I was personally rooting for Armando last night because I photographed him in 2005 in Class A Carolina League ball. One of my photos from this series (above) was on his baseball card that year.
I was proud of him when all he did was smile a pained grin when he saw the call. I have to admit I was not so controlled.
Infielder Luke Murton (34) of the Charleston RiverDogs hits balls off a tee during batting practice prior to a game against the Greenville Drive on May 27, 2010, at Fluor Field at the West End in Greenville, S.C. Photo by: Tom Priddy/MiLB.com
Last week when I quietly walked over to the batting net where Luke Murton was hitting balls off a tee before a game, I was hoping I could fade into the background and not be noticed.
I almost never ask players to pose for a photo, so sometimes when I catch them by surprise they change what they’re doing and turn away. Murton, was intent, however, and never looked up.
I was just editing these photos when I found out that yesterday he was named the South Atlantic League offensive player of the week, leading the league in doubles and hitting a cool .500 for the week.

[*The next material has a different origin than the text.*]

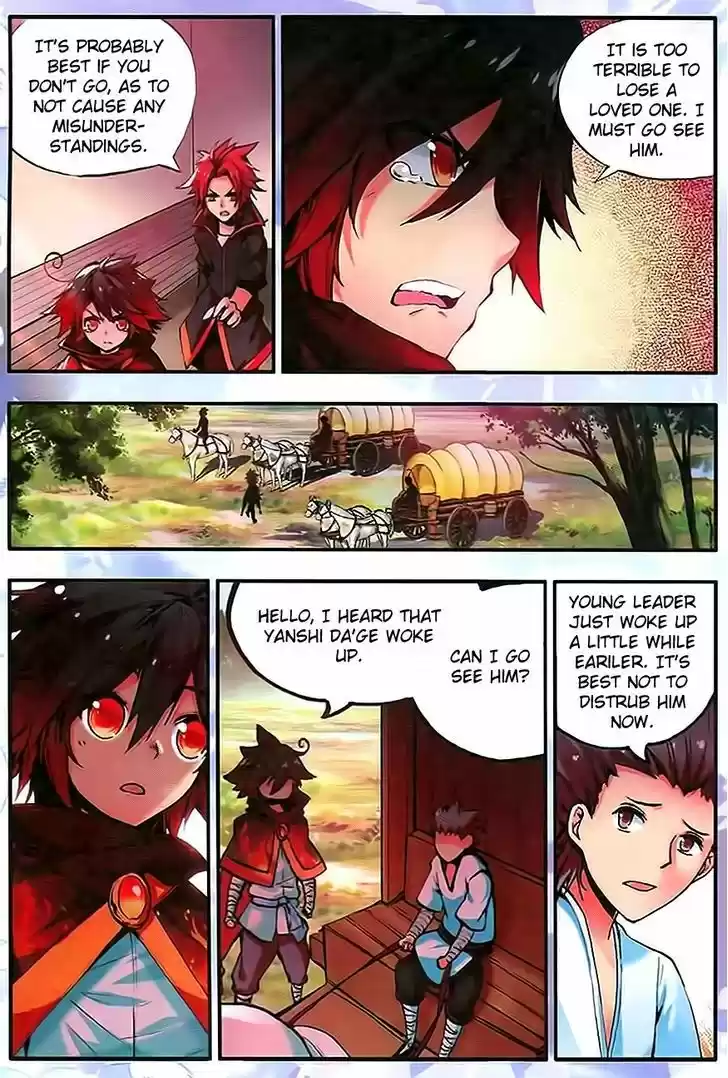 Shanliang de Sishen 34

Here’s what Josh Jackson of MLB has to say about him: “Yankees ’09 draftee Luke Murton leads the league in doubles after rocketing five two-baggers this week, two of which came in Monday’s 3-for-3 performance. He hit safely in each of the six games he played in, totaling three hits to open a weekend series in Kannapolis on Saturday. In Sunday’s doubleheader, he continued to punish the Intimidators, going 3-for-7 with a homer, a double and two runs scored over the course of the day.”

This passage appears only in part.